Notice pour la Fédération française des ciné-clubs
Éclaircissements sur le film Hurlements en faveur de Sade
Le spectacle est permanent. L’importance de l’esthétique fait encore, après boire, un assez beau sujet de plaisanteries. Nous sommes sortis du cinéma. Le scandale n’est que trop légitime. Jamais je ne donnerai d’explications. Maintenant tu es toute seule avec nos secrets. À L’ORIGINE D’UNE BEAUTÉ NOUVELLE et plus tard dans le grand désert liquide et borné de l’allée des Cygnes (tous les arts sont des jeux médiocres et qui ne changent rien) son visage était découvert pour la première fois de cette enfance qu’elle appelait sa vie. Les conditions spécifiques du cinéma permettaient d’interrompre l’anecdote par des masses de silence vide. Tous les parfums de l’Arabie. L’aube de Villennes. À L’ORIGINE D’UNE BEAUTÉ NOUVELLE. Mais il n’en sera plus question. Tout cela n’était pas vraiment intéressant. Il s’agit de se perdre.
Guy-Ernest Debord
Notice écrite en novembre 1952.
Liberté PROVISOIRE
Bien sûr la nuit tu rêves si tu pouvais toujours dormir mais la vie menace à chaque angle il y a des flics et des indics dans les bistros les filles de ton âge sont marquées par la jeunesse.
Gil J Wolman
Extraits de la presse à propos de l’affaire Chaplin
« Les feux de la rampe ont fait fondre le fard du soi-disant mime génial et l’on ne voit plus qu’un vieillard sinistre et intéressé. » (Finis les pieds plats, 29/10/52. Tract lancé par l’Internationale lettriste à la réception de Chaplin à Paris.)
« Les lettristes signataires du tract contre Chaplin sont seuls responsables du contenu outrancier et confus. » (Jean-Isidore Isou, Combat, 1/11/52.)
« Nous croyons que l’exercice le plus urgent de la liberté est la destruction des idoles, surtout quand elles se recommandent de la liberté… Les indignations diverses nous indiffèrent. Il n’y a pas de degrés parmi les réactionnaires.
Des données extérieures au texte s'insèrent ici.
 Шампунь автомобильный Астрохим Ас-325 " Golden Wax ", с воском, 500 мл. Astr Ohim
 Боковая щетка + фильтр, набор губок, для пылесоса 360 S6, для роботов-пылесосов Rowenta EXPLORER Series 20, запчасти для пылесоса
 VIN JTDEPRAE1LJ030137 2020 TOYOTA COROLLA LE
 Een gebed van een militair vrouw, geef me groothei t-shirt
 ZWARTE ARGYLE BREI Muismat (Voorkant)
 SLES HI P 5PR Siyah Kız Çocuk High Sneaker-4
Nous les abandonnons à toute cette foule anonyme et choquée. » (« Position de l’Internationale lettriste », Combat, 2/11/52.)
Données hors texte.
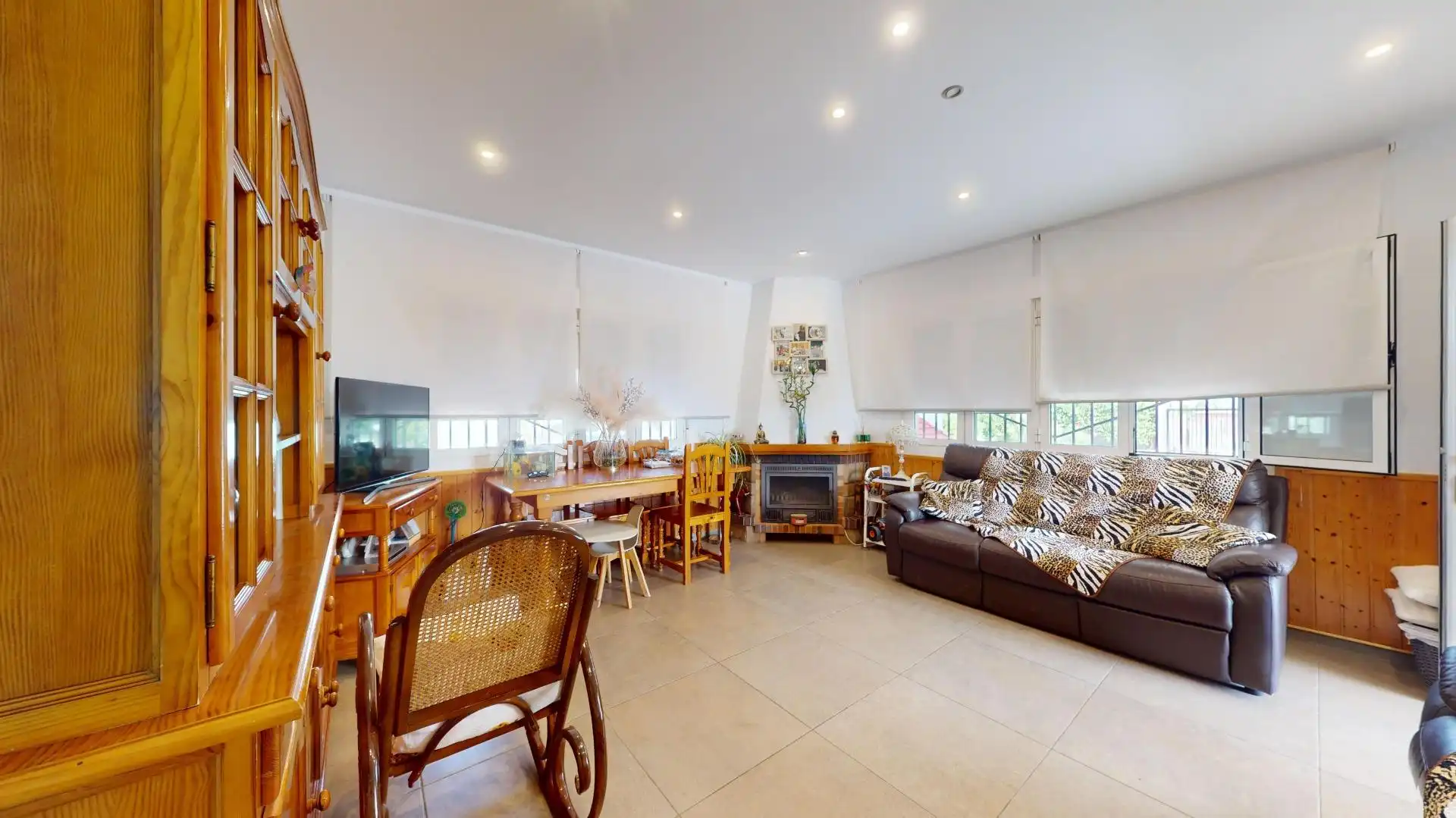 Living room of Houses for sale in Elche / Elx  with Air Conditioner, Private garden and Terrace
« Nous nous passionnons si peu pour les littérateurs et leurs tactiques que l’incident est presque oublié ; que c’est vraiment comme si Jean-Isidore Isou ne nous avait rien été… » (Guy-Ernest Debord, « Mort d’un commis voyageur », Internationale lettriste, n° 1.)
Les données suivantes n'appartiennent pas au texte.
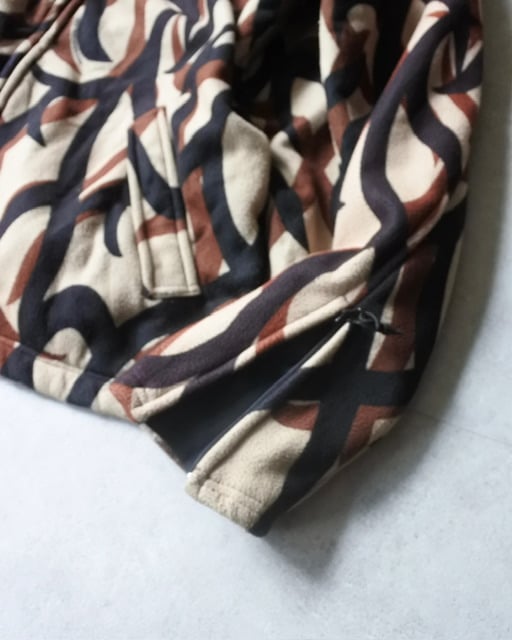 90s ASAT tribal camouflage fleece jacket | sui 90s ASAT tribal camouflage fleece jacket | sui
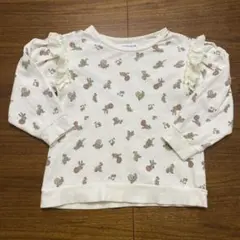 mamarakuフリル付きトレーナー 110㎝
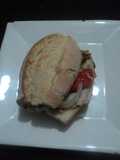 Torta ranchera de pollo cocido y encurtidos las Correa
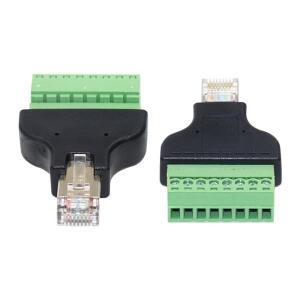 Rj45-나사 고정 단자 블록 8핀 커넥터 이더넷 rj45 Male 나사 CCTV DVR 액세서리용 네트워크 어댑터 케이블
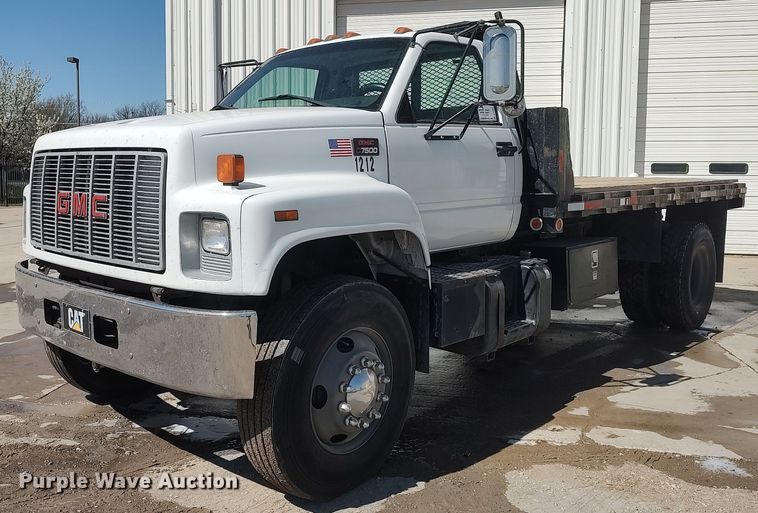 image for item DQ0481 2000 GMC C7500  dump flatbed truck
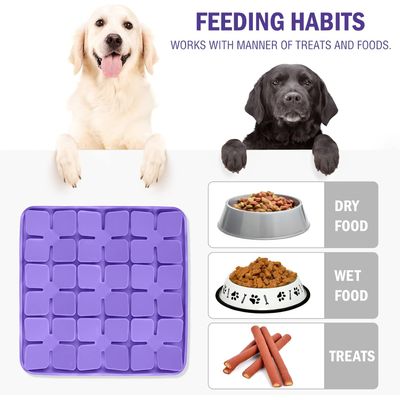 Silicone Gamelle d'alimentation Lente Éducatrice pour Chiens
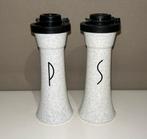 Vintage peper en zout vaatjes van Tupperware, Ophalen of Verzenden, Gebruikt, Wit, Overige typen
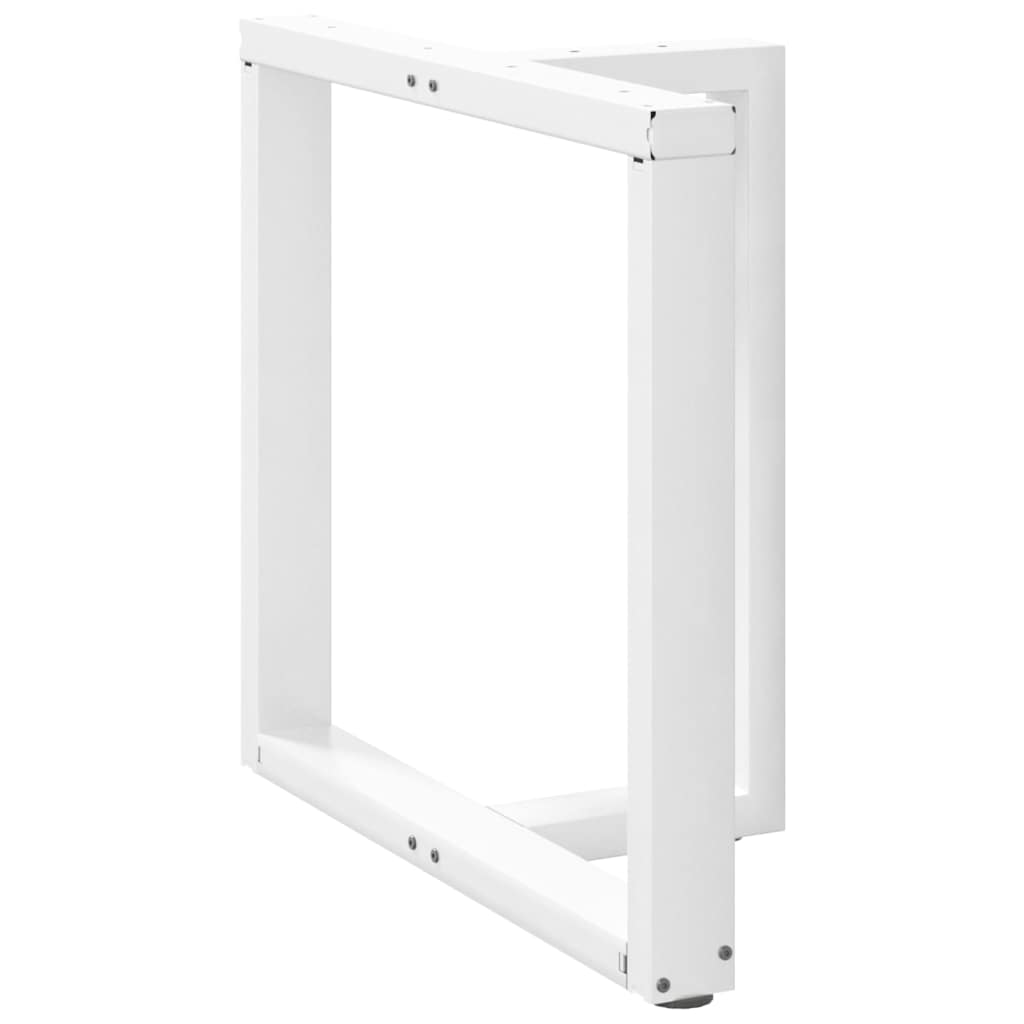 Eettafelpoten 2 st T-vormig 80x35x(72-73) cm staal wit is nu te koop bij PeponiXL, paradijselijk wonen!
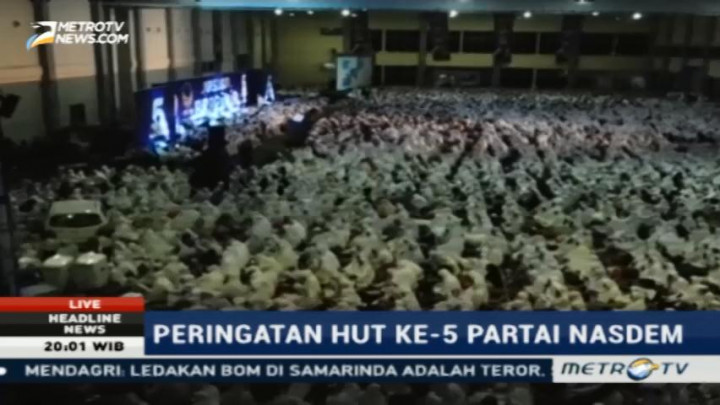 Rayakan HUT Kelima, DPW NasDem Sulsel Gelar Zikir Akbar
« “Charlot” emporte la médaille d’or du cent cinquantenaire de la Préfecture de Police que lui a décerné hier après-midi M. Jean Baylot, ainsi qu’un bâton blanc-breloque qu’il a suspendu à sa boutonnière. » (« Charlie Chaplin quitte Paris », France-Soir, 10/11/52.)
Grève générale
Il n’y a aucun rapport entre moi et les autres. Le monde commence le 24 septembre 1934. J’ai dix-huit ans, le bel âge des maisons de correction et le sadisme a enfin remplacé Dieu. La beauté de l’homme est dans sa destruction. Je suis un rêve qui aimerait son rêveur. Tout acte est lâcheté parce que justification. Je n’ai jamais rien fait. Le néant perpétuellement cherché, ce n’est que notre vie. Descartes a autant de valeur qu’un jardinier. Il n’y a qu’un mouvement possible : que je sois la peste et décerne les bubons. Tous les moyens sont bons pour s’oublier : suicide, peine de mort, drogue, alcoolisme, folie. Mais il faudrait aussi abolir les porteurs d’uniformes, les filles de plus de quinze ans encore vierges, les êtres réputés sains et leurs prisons. Si nous sommes quelques-uns prêts à tout risquer, c’est parce que nous savons maintenant que l’on n’a jamais rien à risquer et à perdre. Aimer ou ne pas aimer tel ou telle, c’est exactement la même chose.
Jean-Michel Mension
Fragments de recherches pour un comportement prochain
La nouvelle génération ne laissera plus rien au hasard. (Gil J Wolman)
De toutes façons on n’en sortira pas vivants. (Jean-Michel Mension)
L’Internationale lettriste veut la mort, légèrement différée, des arts. (Serge Berna)
Délibérément au-delà du jeu limité des formes, la beauté nouvelle sera DE SITUATION. (Guy-Ernest Debord)
Internationale lettriste n° 2, feuille ronéotypée recto-verso, février 1953.